The recipient projects are Mother Tongue by Queensland’s Katrina Irawati Graham, Melbourne Vice by Victoria’s Kim Ho, and Rules to being a Fuckgurl by South Australia’s Nelya Valamanesh.
AFTRS has worked with the trio since 2019, first in their individual State Talent Camps, and then in the National Talent Camp 2020, where two participants from each state and one from each territory took part in developing their projects and screenwriting skills.
Graham is a writer, director, and emerging playwright with a passion for feminist horror.
Her project Mother Tongue is an 8 x 10min web-series that tells the story of two migrant women, a struggling radical midwife and a gregarious musician, who join forces to transform the lives of new mothers and their babies in Logan (Yugambeh and Yuggera Country), Australia’s most multicultural city.

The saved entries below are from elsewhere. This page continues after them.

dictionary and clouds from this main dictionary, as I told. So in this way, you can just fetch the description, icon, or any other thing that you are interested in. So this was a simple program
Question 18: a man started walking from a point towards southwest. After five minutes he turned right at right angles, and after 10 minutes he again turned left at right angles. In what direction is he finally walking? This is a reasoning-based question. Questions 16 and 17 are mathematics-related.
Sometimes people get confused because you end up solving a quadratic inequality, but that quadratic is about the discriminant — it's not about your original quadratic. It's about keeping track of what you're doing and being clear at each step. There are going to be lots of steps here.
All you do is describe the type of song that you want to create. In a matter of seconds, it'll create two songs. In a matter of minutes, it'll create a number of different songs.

Coming from a migrant background, Graham said the importance of representation in telling the stories of migrant women and families of colour had always resonated with her.

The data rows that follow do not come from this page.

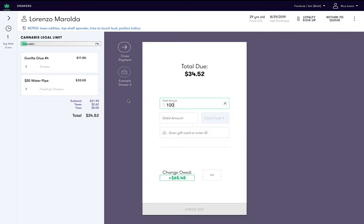Lastly, we then enter our PIN so the system will know we performed this transaction for tracking purposes and then click Checkout.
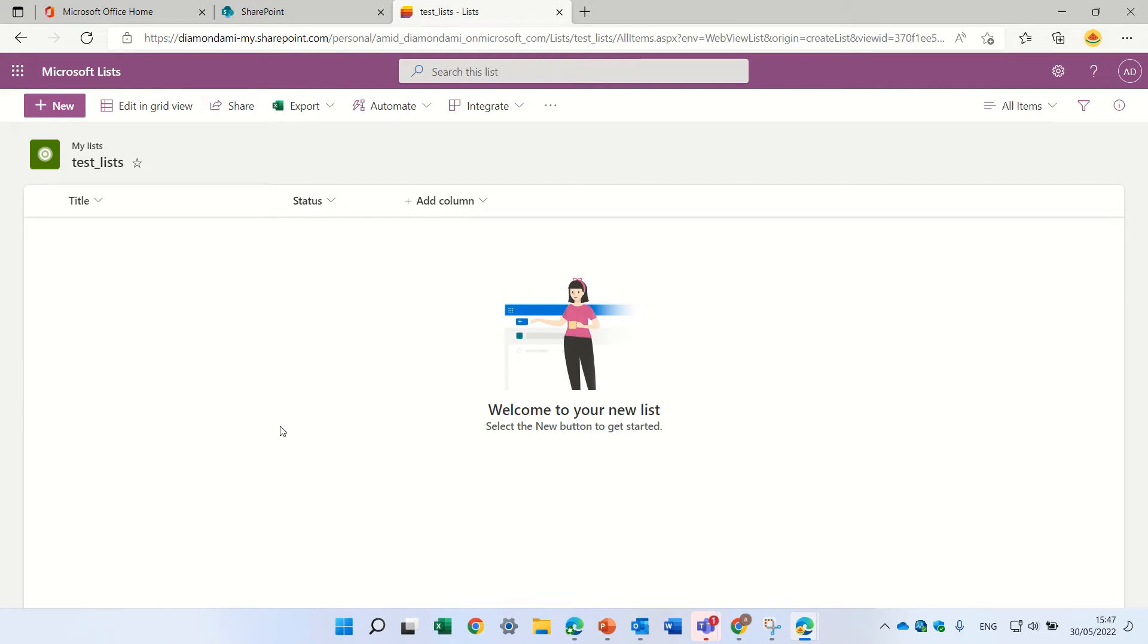Hello, this is Ami Diamond. In this episode, I'd like to show you how to hide the command bar of a Microsoft List or SharePoint List using a short JSON.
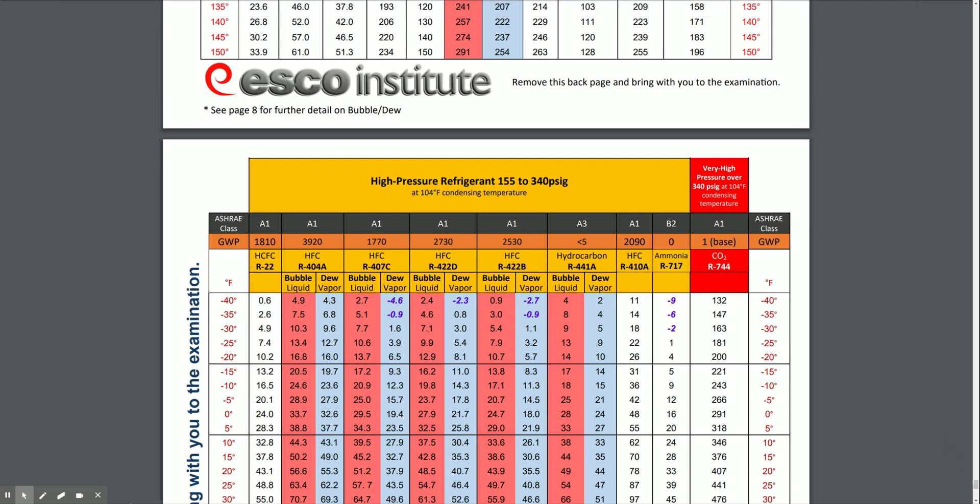At altitude, water boils quicker because of lower atmospheric pressure. So if you go up a mountain, the boiling temperature of your water is actually going to be lower. The same is true for all liquids which can boil, including refrigerants. Increasing pressure on a refrigerant in an HVAC system raises its boiling point, while decreasing the pressure on it lowers its boiling point.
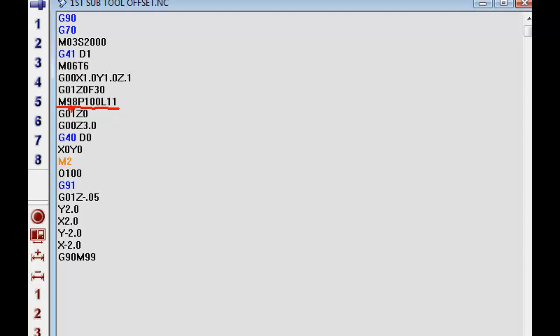What that means is M98 is our sub program, P for program, program number 100, L is 11 times.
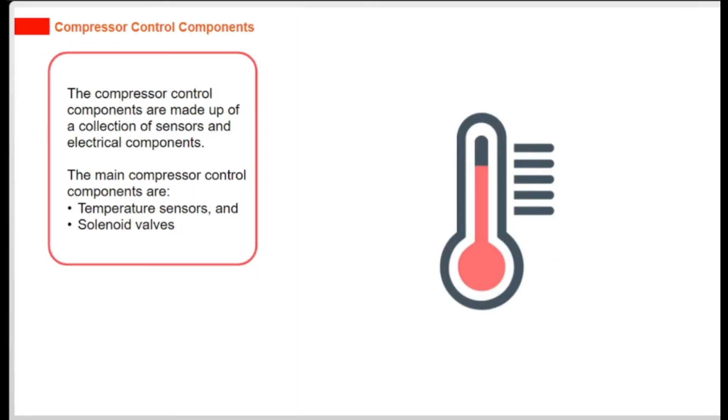The compressor control components are made up of a collection of sensors and electrical components. The main compressor control components are temperature sensors and solenoid valves.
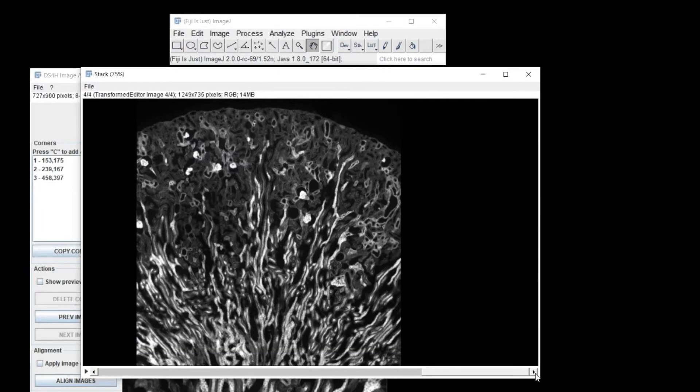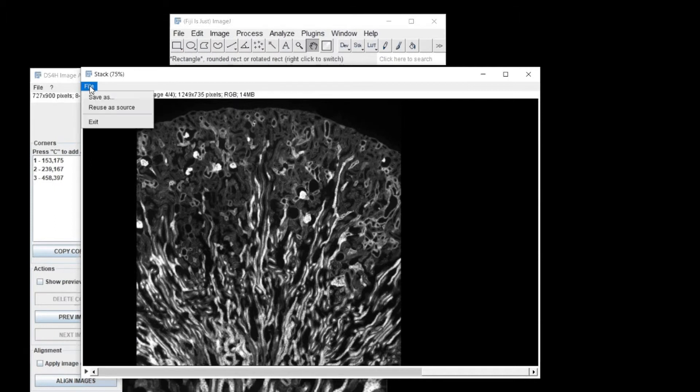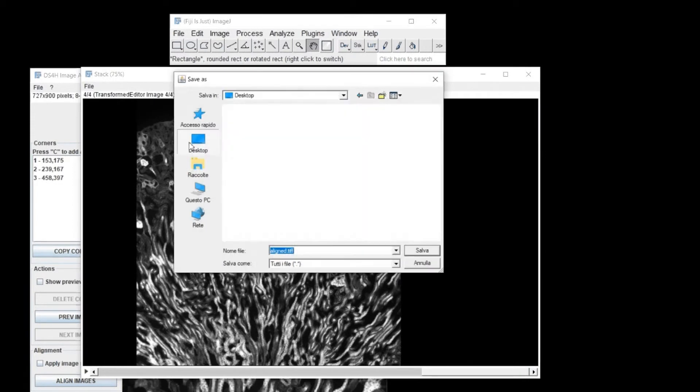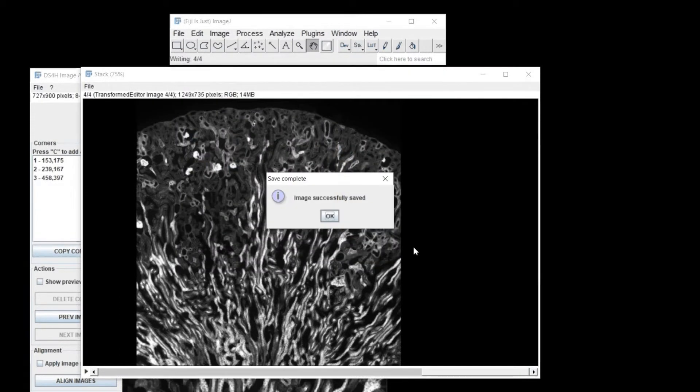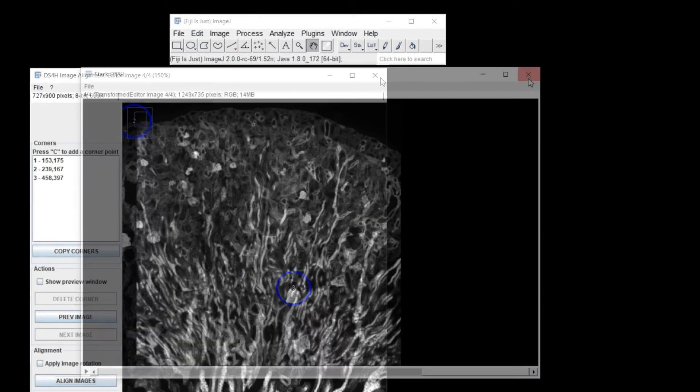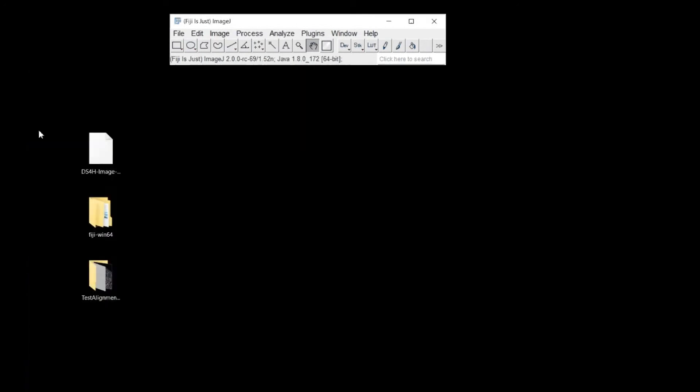Now you can load back the aligned images to improve the alignment by defining other corners and repeating the process. Once you are satisfied, just save the stack of aligned images.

“My producer Ana Tiwary and I are thrilled to receive further support from AFTRS and the wonderful National Talent Camp program,” she said.

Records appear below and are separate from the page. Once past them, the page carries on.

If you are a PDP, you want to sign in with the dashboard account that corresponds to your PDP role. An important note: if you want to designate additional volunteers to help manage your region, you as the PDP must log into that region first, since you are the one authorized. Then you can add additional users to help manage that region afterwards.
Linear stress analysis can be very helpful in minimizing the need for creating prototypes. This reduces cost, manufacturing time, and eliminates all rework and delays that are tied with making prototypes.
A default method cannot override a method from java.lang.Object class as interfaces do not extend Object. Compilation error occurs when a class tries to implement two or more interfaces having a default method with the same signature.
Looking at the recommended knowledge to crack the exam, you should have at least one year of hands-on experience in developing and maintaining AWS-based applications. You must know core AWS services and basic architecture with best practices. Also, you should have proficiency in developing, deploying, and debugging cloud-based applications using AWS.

“We have assembled an all Indigenous and woman of colour team to bring this pilot to life.
“We will do our best to create characters and images that people can fall in love with, and which honour the women whose brown hands held us as children and whose legacy lives in our hearts.”
Female representation is also at the centre of Rules to being a Fuckgurl, a 6 x 15-minute comedy/satire web series about the political and social struggles of being an independent woman in her late 20s.
For Valamanesh, an Adelaide (Kaurna Country)-based narrative artist who has developed and produced works on a range of different platforms, including radio programming, DJing, the funding represents a significant step forward for the project.
“Rules to being a Fuckgurl has been in the works for over two years and now it finally feels like it has feet and it will also help me cement myself as a writer and creative in the film and television industry,” she said.
“Being a queer woman of colour, having financial support for a show like Rules to being a Fuckgurl is huge and hopefully, this will be the start of many hilarious and creatively unique shows I can bring to life in the future.”
In Melbourne Vice, university students are imagined detectives, with 6 x 30 crime-comedy web-series merging the crime and coming-of-age genres to dramatise young adults exploring right from wrong.
Ho’s short film The Language of Love screened at over 30 film festivals worldwide, including Sundance and his play Mirror’s Edge won Sydney Theatre Company’s 2018 Patrick White Playwrights Award. Most recently, he co-wrote an episode of the upcoming ABC drama series The Newsreader with creator Michael Lucas.
The Melbourne-based writer said it was a “giddy honour” to be awarded funding from AFTRS.
“The idea for the project has rattled around in my brain since 2015, but it was only through AFTRS’ support that the possibility of realising the project came within reach,” he said.
“National Talent Camp gave me the opportunity to meet with a number of incredible mentors, all of whom helped shape the project in different and surprising ways, as well as tailored workshops to upskill in key areas of the development process.
“This particular kind of heightened-reality, hybrid-genre piece isn’t too common in Australia, so I’ve felt very strongly that making a proof of concept would be crucial in pitching the project to production companies and to networks.”
Dr Romaine Moreton, director of AFTRS’ First Nations and Outreach, said the three recipients had demonstrated “unwavering” commitment to their projects and screen careers throughout the two-year Talent Camp process.
“We are proud to see how far their projects have come since starting this process as State Talent Campers in 2019, and we have no doubt that these screen creatives have bright futures in film and television ahead of them,” she said.